But as King knew well, a document cannot uproot the enmeshed evils of society without a social movement centered in the leadership of the poor and dispossessed as moral agents. And that movement needs a Campaign that calls all people forward out of our great moral teachings—religious, Constitutional and secular—around a transformative agenda. We won’t duly file the Audit away to be rediscovered on its anniversaries, but we will pack it next to our Constitution, our sacred scriptures, our songbook and our banners.

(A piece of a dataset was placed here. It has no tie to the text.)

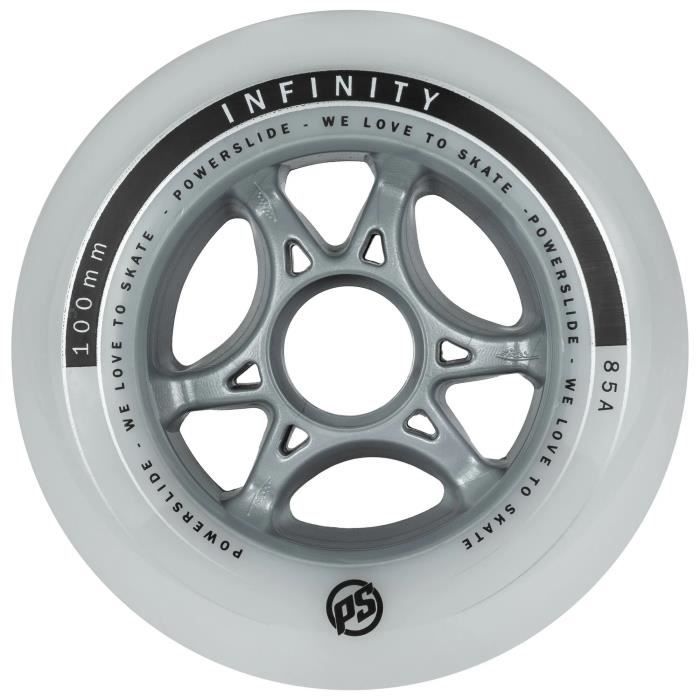Powerslide Infinity II – Lot De 4 Roues 105mm, Dureté 85A, Blanc, Pour Roller Freestyle Et Vitesse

Fifty years ago King said, “the highest patriotism demands the end of that war (in Vietnam) and the opening of a bloodless war to final victory over racism and poverty. Our Washington campaign is an opportunity for the people to bring the Commission’s recommendations to life.” Fifty years later we know too well that the conditions the Kerner report documented have worsened rather than improved. And that reality points to great moral failings that threaten our lives, our nation and our world.
A document cannot uproot the enmeshed evils of society without a social movement centered in the leadership of the poor and dispossessed as moral agents.
Our taking up the call to organize widely and massively—informed by the solid evidence and research of the Audit and rooted in the truths of a moral universe that affirms the dignity of all life—is our commitment not to merely commemorate, but to bring to life a transformative moral agenda. All are welcome.